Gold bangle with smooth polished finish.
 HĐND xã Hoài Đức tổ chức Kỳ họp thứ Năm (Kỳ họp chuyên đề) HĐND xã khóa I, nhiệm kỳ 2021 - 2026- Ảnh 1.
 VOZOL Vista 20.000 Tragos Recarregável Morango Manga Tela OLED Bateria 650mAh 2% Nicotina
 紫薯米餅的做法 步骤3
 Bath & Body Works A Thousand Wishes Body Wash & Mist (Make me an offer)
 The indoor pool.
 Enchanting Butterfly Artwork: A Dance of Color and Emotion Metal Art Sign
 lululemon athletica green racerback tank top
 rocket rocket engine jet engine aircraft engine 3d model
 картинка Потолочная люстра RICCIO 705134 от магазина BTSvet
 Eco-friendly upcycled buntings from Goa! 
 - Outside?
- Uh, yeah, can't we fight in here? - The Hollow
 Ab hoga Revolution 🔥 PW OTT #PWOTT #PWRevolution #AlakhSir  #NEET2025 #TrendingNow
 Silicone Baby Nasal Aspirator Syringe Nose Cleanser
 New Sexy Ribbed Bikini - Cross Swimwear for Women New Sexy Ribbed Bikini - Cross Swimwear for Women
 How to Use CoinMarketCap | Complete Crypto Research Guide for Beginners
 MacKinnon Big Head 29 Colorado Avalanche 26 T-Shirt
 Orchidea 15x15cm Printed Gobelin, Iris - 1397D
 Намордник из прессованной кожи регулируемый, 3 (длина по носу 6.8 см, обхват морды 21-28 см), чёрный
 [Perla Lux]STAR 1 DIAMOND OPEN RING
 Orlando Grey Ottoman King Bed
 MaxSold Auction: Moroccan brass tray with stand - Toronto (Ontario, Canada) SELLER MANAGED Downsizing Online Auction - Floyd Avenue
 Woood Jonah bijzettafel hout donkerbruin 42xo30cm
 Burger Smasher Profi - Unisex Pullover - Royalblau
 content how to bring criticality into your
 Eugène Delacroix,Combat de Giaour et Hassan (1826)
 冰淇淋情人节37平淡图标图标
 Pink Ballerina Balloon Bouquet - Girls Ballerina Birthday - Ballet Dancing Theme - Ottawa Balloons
===============
Work order
With nothing added or left out, print the data again.

Task answer
Gold bangle with smooth polished finish.
 HĐND xã Hoài Đức tổ chức Kỳ họp thứ Năm (Kỳ họp chuyên đề) HĐND xã khóa I, nhiệm kỳ 2021 - 2026- Ảnh 1.
 VOZOL Vista 20.000 Tragos Recarregável Morango Manga Tela OLED Bateria 650mAh 2% Nicotina
 紫薯米餅的做法 步骤3
 Bath & Body Works A Thousand Wishes Body Wash & Mist (Make me an offer)
 The indoor pool.
 Enchanting Butterfly Artwork: A Dance of Color and Emotion Metal Art Sign
 lululemon athletica green racerback tank top
 rocket rocket engine jet engine aircraft engine 3d model
 картинка Потолочная люстра RICCIO 705134 от магазина BTSvet
 Eco-friendly upcycled buntings from Goa! 
 - Outside?
- Uh, yeah, can't we fight in here? - The Hollow
 Ab hoga Revolution 🔥 PW OTT #PWOTT #PWRevolution #AlakhSir  #NEET2025 #TrendingNow
 Silicone Baby Nasal Aspirator Syringe Nose Cleanser
 New Sexy Ribbed Bikini - Cross Swimwear for Women New Sexy Ribbed Bikini - Cross Swimwear for Women
 How to Use CoinMarketCap | Complete Crypto Research Guide for Beginners
 MacKinnon Big Head 29 Colorado Avalanche 26 T-Shirt
 Orchidea 15x15cm Printed Gobelin, Iris - 1397D
 Намордник из прессованной кожи регулируемый, 3 (длина по носу 6.8 см, обхват морды 21-28 см), чёрный
 [Perla Lux]STAR 1 DIAMOND OPEN RING
 Orlando Grey Ottoman King Bed
 MaxSold Auction: Moroccan brass tray with stand - Toronto (Ontario, Canada) SELLER MANAGED Downsizing Online Auction - Floyd Avenue
 Woood Jonah bijzettafel hout donkerbruin 42xo30cm
 Burger Smasher Profi - Unisex Pullover - Royalblau
 content how to bring criticality into your
 Eugène Delacroix,Combat de Giaour et Hassan (1826)
 冰淇淋情人节37平淡图标图标
 Pink Ballerina Balloon Bouquet - Girls Ballerina Birthday - Ballet Dancing Theme - Ottawa Balloons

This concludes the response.